1.1.  Merkle Hash Trees

   Logs use a binary Merkle hash tree for efficient auditing.  The
   hashing algorithm is SHA-256.  The input to the Merkle tree hash is a
   list of data entries; these entries will be hashed to form the leaves
   of the Merkle hash tree.  The output is a single 32-byte root hash.
   Given an ordered list of n inputs, D[n] = {d(0), d(1), ..., d(n-1)},
   the Merkle Tree Hash (MTH) is thus defined as follows:

   The hash of an empty list is the hash of an empty string:

   MTH({}) = SHA-256().

   The hash of a list with one entry is:

   MTH({d(0)}) = SHA-256(0 || d(0)).

   For n > 1, let k be the largest power of two smaller than n.  The
   Merkle Tree Hash of an n-element list D[n] is then defined
   recursively as

   MTH(D[n]) = SHA-256(1 || MTH(D[0:k]) || MTH(D[k:n])),

   where || is concatenation and D[k1:k2] denotes the length (k2 - k1)
   list {d(k1), d(k1+1),..., d(k2-1)}.

   Note that we do not require the length of the input list to be a
   power of two.  The resulting Merkle tree may thus not be balanced,
   however, its shape is uniquely determined by the number of leaves.
   [This Merkle tree is essentially the same as the history tree [1]
   proposal, except our definition omits dummy leaves.]

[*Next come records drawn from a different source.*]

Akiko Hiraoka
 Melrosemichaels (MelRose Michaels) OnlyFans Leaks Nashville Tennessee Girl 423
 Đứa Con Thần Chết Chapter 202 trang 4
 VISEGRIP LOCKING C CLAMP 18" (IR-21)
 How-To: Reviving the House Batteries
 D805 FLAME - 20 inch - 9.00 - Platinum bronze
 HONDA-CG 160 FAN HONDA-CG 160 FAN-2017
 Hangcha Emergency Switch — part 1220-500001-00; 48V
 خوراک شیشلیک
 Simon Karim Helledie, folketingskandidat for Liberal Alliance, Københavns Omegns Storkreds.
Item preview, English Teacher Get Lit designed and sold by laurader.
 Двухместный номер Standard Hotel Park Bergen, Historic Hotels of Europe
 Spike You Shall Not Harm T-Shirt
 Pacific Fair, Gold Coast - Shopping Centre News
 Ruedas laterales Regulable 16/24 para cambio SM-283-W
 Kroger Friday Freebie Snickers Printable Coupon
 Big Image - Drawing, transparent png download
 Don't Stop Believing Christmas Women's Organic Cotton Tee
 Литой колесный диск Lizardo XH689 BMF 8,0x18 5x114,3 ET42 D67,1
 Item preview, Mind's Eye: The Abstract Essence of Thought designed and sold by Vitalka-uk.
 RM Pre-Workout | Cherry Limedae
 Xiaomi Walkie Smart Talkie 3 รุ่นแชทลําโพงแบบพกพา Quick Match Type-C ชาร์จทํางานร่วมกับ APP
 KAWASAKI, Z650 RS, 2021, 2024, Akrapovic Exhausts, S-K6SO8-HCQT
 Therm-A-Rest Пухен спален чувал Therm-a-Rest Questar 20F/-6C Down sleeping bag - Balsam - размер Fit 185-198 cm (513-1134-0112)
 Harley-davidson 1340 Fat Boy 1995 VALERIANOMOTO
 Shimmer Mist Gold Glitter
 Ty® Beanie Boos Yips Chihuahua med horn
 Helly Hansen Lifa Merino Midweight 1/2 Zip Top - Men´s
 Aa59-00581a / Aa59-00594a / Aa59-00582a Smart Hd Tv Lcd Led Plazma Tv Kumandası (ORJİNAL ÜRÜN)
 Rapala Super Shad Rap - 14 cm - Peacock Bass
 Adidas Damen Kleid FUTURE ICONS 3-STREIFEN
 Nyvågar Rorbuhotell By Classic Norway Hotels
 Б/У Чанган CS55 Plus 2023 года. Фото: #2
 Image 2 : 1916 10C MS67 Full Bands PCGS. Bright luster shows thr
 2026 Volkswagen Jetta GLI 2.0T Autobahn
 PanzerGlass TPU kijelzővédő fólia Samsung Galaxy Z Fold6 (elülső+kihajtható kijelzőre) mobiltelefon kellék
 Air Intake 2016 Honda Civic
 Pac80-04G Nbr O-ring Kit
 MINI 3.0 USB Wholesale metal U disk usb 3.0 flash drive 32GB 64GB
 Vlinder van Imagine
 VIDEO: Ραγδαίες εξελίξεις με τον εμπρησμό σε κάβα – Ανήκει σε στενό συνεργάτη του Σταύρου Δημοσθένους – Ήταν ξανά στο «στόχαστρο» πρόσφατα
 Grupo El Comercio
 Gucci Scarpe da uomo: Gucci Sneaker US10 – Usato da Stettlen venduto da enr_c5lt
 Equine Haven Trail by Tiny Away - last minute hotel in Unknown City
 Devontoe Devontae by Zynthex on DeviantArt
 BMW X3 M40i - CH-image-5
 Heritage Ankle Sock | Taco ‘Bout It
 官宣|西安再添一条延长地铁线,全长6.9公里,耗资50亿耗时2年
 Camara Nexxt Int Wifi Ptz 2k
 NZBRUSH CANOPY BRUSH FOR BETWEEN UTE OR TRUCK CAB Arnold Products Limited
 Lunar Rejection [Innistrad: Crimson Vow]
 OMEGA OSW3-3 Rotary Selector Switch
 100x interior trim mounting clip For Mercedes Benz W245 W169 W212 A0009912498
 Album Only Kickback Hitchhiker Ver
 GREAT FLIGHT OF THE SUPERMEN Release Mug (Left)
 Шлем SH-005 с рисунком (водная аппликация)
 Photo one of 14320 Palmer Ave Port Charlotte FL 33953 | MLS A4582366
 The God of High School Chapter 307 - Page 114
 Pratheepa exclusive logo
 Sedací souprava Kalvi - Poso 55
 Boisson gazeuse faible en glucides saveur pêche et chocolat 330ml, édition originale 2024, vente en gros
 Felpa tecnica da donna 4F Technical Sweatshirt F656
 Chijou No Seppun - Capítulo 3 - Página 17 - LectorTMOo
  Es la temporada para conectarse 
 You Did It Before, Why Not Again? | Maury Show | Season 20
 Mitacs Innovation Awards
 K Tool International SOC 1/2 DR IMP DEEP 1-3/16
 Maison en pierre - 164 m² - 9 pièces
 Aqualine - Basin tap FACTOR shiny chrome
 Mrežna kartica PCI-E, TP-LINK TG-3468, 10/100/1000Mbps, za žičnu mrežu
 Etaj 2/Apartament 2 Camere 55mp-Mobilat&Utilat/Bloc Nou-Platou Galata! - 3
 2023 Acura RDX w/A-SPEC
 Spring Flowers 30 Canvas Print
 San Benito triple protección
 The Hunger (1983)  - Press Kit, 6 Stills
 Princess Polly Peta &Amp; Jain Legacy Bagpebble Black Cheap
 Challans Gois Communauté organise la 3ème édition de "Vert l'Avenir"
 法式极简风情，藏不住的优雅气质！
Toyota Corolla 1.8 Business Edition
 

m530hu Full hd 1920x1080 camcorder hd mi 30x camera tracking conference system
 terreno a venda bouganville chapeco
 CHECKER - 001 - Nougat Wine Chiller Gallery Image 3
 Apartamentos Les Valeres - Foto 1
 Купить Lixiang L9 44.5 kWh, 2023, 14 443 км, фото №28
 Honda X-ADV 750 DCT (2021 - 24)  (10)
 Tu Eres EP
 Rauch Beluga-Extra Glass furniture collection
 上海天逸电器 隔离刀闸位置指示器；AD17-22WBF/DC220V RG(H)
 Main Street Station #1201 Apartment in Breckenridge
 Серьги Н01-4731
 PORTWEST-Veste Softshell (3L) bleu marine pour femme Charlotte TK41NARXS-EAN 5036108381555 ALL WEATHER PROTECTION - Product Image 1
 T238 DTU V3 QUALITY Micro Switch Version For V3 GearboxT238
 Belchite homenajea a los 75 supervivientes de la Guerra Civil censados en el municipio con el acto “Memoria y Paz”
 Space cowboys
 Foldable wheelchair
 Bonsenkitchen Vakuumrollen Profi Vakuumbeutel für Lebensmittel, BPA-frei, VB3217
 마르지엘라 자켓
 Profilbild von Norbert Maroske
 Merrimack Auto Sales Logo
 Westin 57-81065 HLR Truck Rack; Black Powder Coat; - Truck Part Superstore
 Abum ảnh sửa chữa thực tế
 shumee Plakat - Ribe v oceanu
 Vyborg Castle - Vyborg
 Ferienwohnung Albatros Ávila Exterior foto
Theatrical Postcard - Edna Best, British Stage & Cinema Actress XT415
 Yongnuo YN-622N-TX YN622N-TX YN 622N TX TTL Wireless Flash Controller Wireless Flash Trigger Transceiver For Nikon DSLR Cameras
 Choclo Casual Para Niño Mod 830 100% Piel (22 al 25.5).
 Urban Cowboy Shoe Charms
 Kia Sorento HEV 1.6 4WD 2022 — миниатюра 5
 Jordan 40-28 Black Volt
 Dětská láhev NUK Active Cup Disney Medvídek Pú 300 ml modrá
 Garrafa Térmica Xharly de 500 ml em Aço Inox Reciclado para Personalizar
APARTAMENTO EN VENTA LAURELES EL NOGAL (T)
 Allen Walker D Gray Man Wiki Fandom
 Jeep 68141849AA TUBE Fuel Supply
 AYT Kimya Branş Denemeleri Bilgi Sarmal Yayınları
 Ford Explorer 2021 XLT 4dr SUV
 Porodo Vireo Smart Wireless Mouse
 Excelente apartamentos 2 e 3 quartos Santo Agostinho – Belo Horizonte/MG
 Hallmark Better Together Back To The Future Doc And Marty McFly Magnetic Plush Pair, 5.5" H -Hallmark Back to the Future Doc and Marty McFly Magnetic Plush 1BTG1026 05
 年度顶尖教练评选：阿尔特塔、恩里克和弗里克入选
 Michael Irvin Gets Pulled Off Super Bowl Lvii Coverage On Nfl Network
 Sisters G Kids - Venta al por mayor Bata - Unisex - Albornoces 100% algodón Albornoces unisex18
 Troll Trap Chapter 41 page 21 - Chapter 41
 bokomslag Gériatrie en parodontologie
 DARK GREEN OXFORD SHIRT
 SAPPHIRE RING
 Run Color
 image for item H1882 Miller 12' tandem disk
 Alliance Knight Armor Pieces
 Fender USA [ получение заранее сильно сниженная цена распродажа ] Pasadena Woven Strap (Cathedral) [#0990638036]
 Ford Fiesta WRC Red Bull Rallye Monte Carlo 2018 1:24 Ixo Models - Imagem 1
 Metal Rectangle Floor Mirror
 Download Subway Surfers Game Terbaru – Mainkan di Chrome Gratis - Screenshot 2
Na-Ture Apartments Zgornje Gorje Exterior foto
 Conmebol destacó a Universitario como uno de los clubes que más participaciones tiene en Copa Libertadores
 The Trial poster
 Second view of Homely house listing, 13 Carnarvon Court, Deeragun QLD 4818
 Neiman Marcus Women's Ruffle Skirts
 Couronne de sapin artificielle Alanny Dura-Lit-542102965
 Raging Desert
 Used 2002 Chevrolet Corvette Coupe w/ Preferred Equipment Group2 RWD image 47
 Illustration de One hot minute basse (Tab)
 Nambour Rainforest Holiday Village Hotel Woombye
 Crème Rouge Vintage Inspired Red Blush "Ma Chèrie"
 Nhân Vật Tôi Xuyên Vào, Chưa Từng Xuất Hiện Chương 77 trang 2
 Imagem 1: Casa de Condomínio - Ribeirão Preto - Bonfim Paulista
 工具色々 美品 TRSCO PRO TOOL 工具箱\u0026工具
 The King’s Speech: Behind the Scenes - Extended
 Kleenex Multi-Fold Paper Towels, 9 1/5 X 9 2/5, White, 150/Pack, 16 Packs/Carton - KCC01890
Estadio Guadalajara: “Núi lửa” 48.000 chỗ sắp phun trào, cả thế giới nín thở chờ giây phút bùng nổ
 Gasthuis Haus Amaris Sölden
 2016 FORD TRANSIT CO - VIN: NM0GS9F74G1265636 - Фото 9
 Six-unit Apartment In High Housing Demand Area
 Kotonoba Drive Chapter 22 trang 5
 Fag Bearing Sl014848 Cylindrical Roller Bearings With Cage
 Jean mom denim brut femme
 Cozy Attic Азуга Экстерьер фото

1.1.1.  Merkle audit paths

   A Merkle audit path for a leaf in a Merkle hash tree is the shortest
   list of additional nodes in the Merkle tree required to compute the
   Merkle Tree Hash for that tree.  Each node in the tree is either a
   leaf node, or is computed from the two nodes immediately below it
   (i.e. towards the leaves).  At each step up the tree (towards the
   root), a node from the audit path is combined with the node computed
   so far.  In other words, the audit path consists of the list of
   missing nodes required to compute the nodes leading from a leaf to
   the root of the tree.  If the root computed from the audit path
   matches the true root, then the audit path is proof that the leaf
   exists in the tree.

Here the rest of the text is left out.